● **Activity**
If a picture appears in the records below, drop it, and reproduce everything else exactly.

● **Input records**
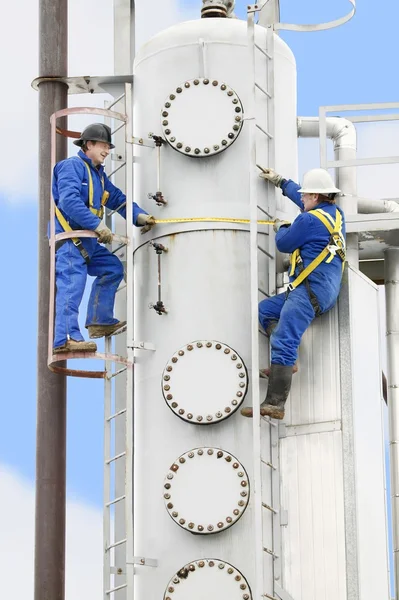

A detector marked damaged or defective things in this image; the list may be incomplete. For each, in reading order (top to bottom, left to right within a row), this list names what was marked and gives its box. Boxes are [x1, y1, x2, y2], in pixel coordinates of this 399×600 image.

rusty metal pole [35, 0, 69, 596]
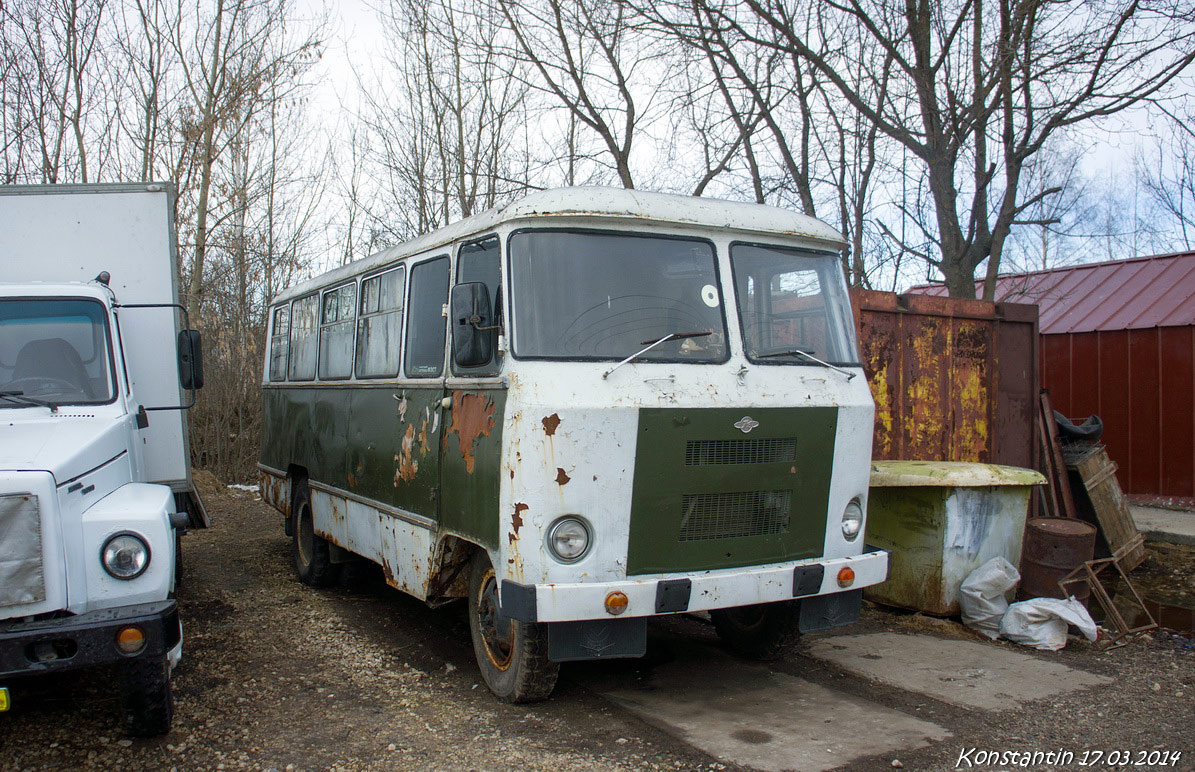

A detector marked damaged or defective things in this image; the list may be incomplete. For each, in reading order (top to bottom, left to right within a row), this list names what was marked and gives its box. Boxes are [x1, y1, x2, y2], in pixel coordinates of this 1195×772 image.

rusty metal container [850, 290, 1037, 470]
yellow rust stain [394, 423, 418, 482]
rust patch on bus body [394, 423, 418, 482]
rust patch on bus body [444, 396, 494, 475]
yellow rust stain [446, 394, 497, 478]
peeling paint [446, 394, 497, 478]
rusty metal container [869, 466, 1046, 616]
rusty barrel [1018, 516, 1094, 607]
rusty metal container [1022, 516, 1094, 607]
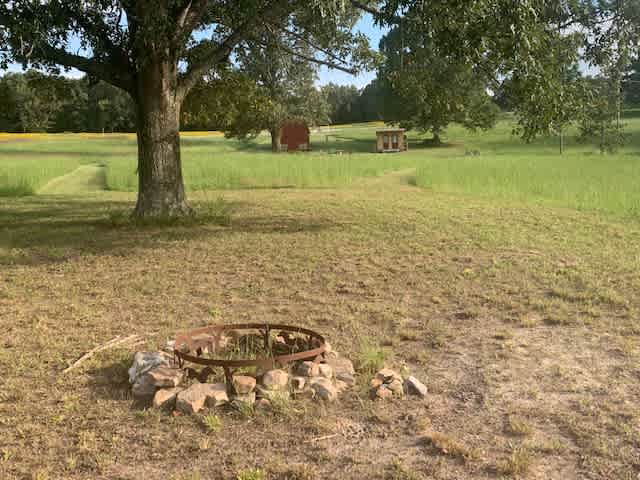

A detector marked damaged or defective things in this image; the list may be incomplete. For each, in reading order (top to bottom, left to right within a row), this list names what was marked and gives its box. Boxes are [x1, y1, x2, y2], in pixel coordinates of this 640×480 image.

rusty metal fire ring [172, 324, 328, 388]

● **Response for this exercise**
A detector marked damaged or defective things in this image; the list may be incomplete. For each, in reading order (top to bottom, left to right within a row), this list names what was marked and gives its box. Boxes are [x1, y1, x2, y2], in pixel coordinates of this 399×600 image.

rusty metal pole [35, 0, 69, 596]

A detector marked damaged or defective things in this image; the list may be incomplete. For each, in reading order (top to bottom, left to right within a row), this list names what was marked and gives its box. Boxes are [x1, y1, x2, y2], in pixel coordinates of this 1195×772 image.

rusty metal container [850, 290, 1037, 470]
yellow rust stain [394, 423, 418, 482]
rust patch on bus body [394, 423, 418, 482]
rust patch on bus body [444, 396, 494, 475]
yellow rust stain [446, 394, 497, 478]
peeling paint [446, 394, 497, 478]
rusty metal container [869, 466, 1046, 616]
rusty barrel [1018, 516, 1094, 607]
rusty metal container [1022, 516, 1094, 607]

A detector marked damaged or defective things in this image; the list may be incomplete. For each, in reading order (top to bottom, left to right within a row), this list names what was marked and gives its box. Boxes are [x1, y1, x2, y2], in pixel coordinates of this 640×480 image.

rusty metal fire ring [172, 324, 328, 388]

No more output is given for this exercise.